§ DIRECTIONS FOR THIS TASK:
Exact copy, no pictures: every line from the one that contains "Slide of Abril Roofing" through the end of the data below, and nothing else.

§ Stored dataset items:
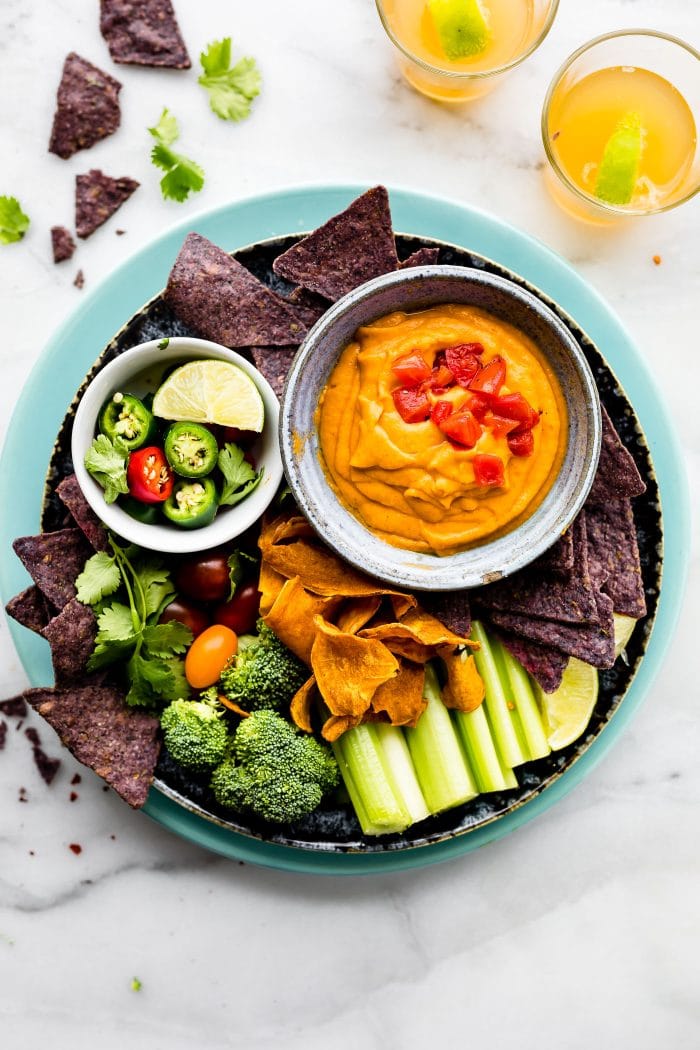 vegan salsa con queso with raw veggies for dipping on blue tray.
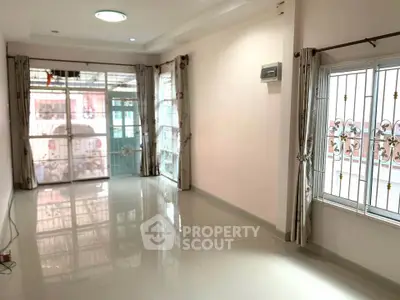 Spacious living room with large windows and natural light, perfect for modern living.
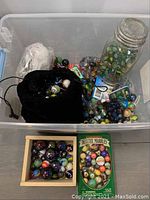 Clear plastic bin holding a metal tin, wooden box, glass jar, velvet pouch and loose marbles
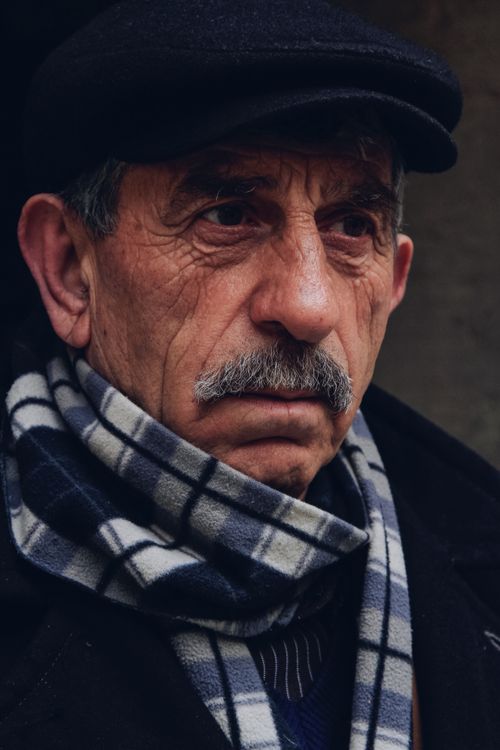 Free Portrait of an elderly man wearing a black cap and warm plaid scarf, showcasing a thoughtful expression. Stock Photo
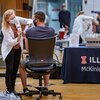 Person in mask gives student a flu shot at a flu shot clinic provided by McKinley Health Center at the University of Illinois.
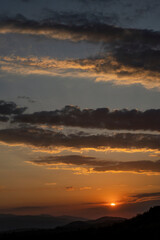 Fototapeta premium Beautiful sunset in the mountains. Sunset View from the Top of a Mountain. Sunset in strong orange tones in Serbia. The sun falls for horizon, a sunset. Shadows are condensed, beautiful clouds. 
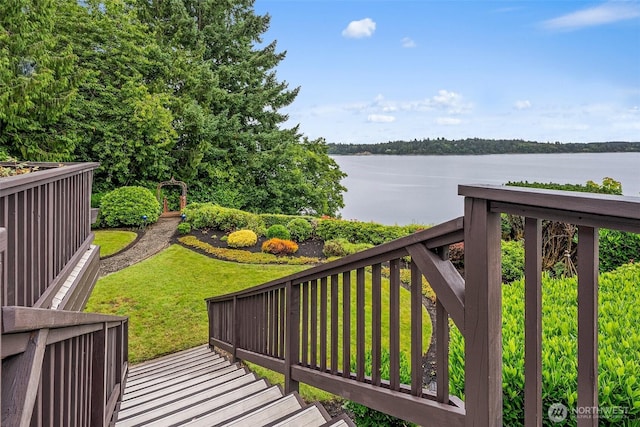 6600 Klein St NW, Olympia, WA 98502 - wooden deck featuring a water view and a lawn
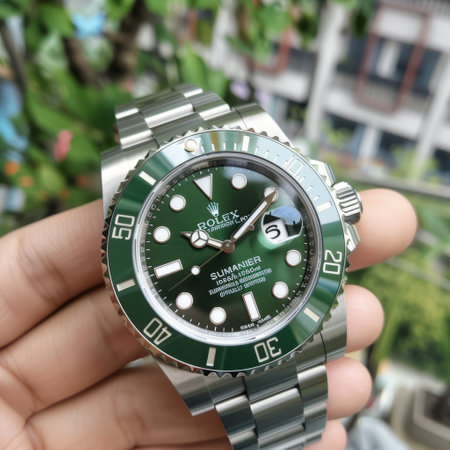 Closeup of man hand holding luxury wrist watch.の素材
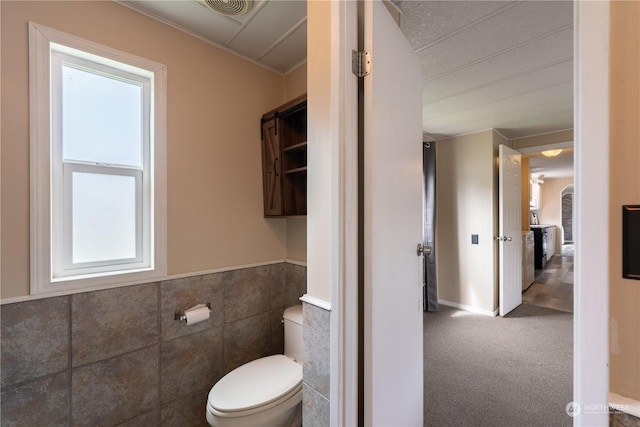 bathroom with tile walls and toilet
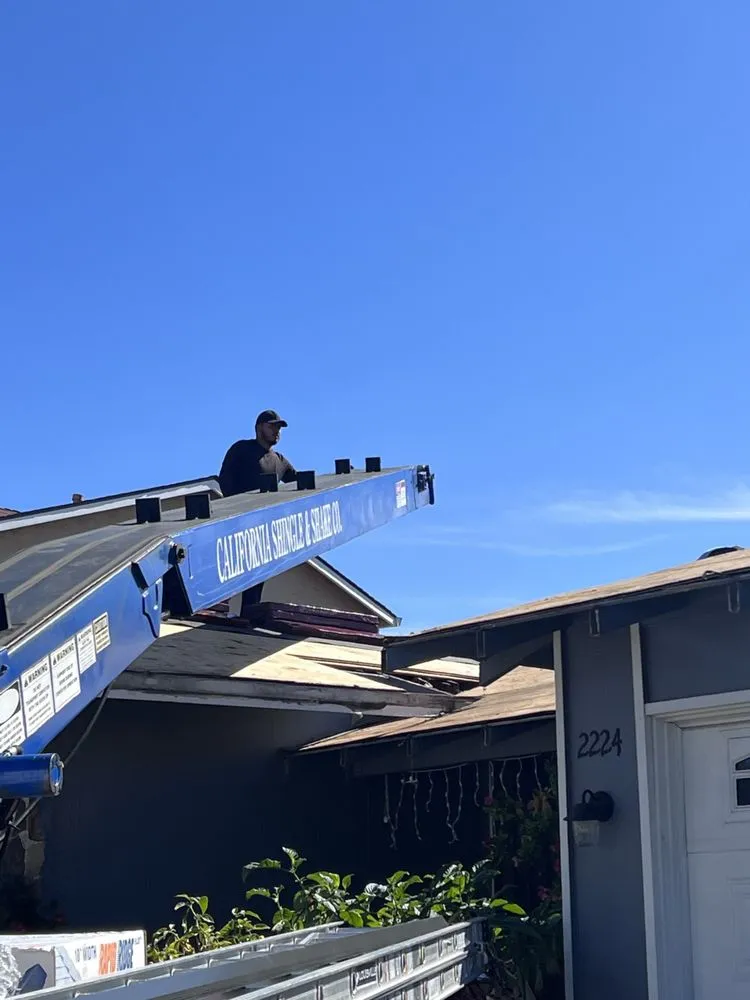 Slide of Abril Roofing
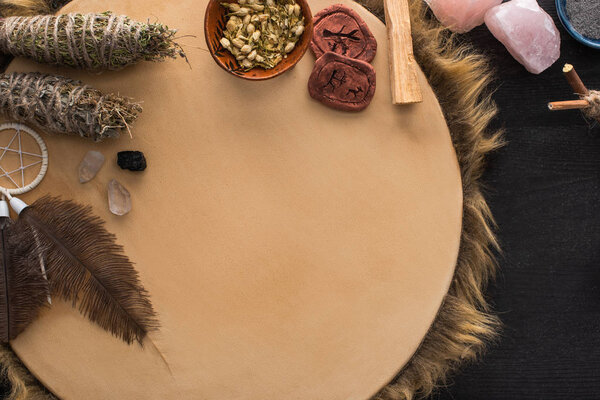 Top view of shamanic dreamcatcher, herbs and crystals on tambourine on black wooden surface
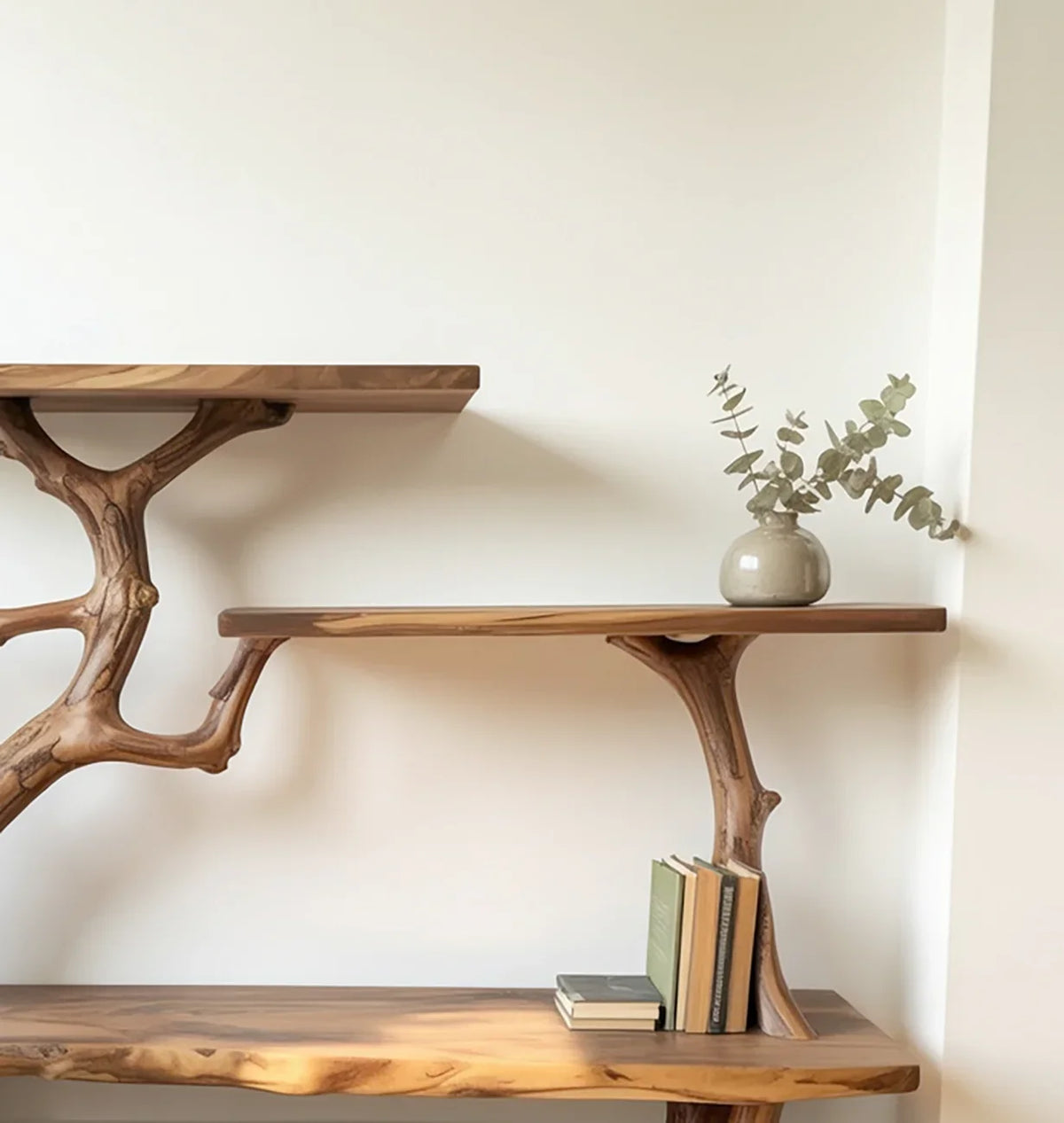 Wooden wall-mounted shelves with natural branch-style supports, decorated with books and a vase with eucalyptus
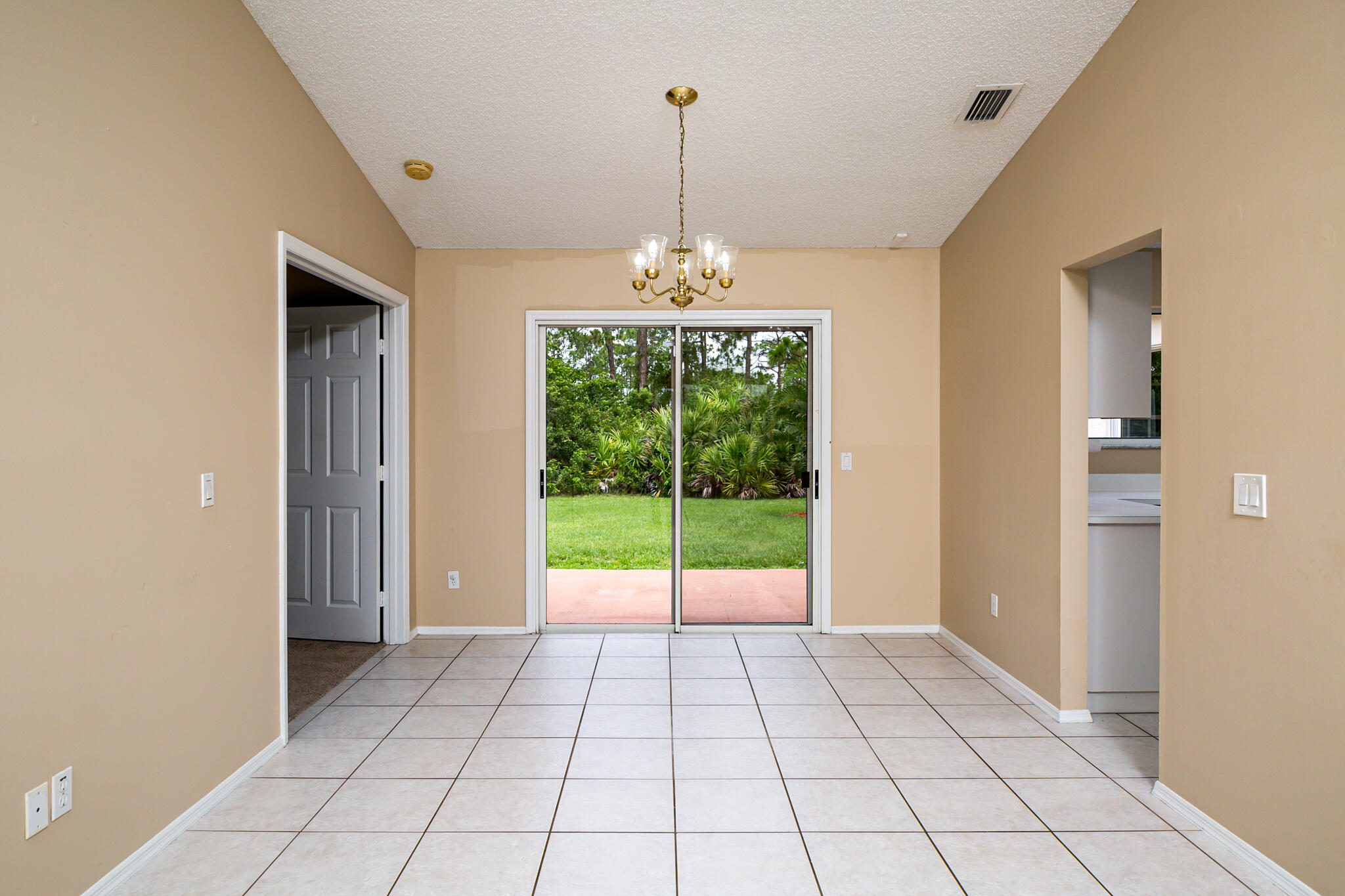 2904 Southeast Bella Road Port St. Lucie, FL 34984 - Photo 9 of 30 a view of an empty room with a window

§ ANSWER:
 Slide of Abril Roofing
 Top view of shamanic dreamcatcher, herbs and crystals on tambourine on black wooden surface
 Wooden wall-mounted shelves with natural branch-style supports, decorated with books and a vase with eucalyptus
 2904 Southeast Bella Road Port St. Lucie, FL 34984 - Photo 9 of 30 a view of an empty room with a window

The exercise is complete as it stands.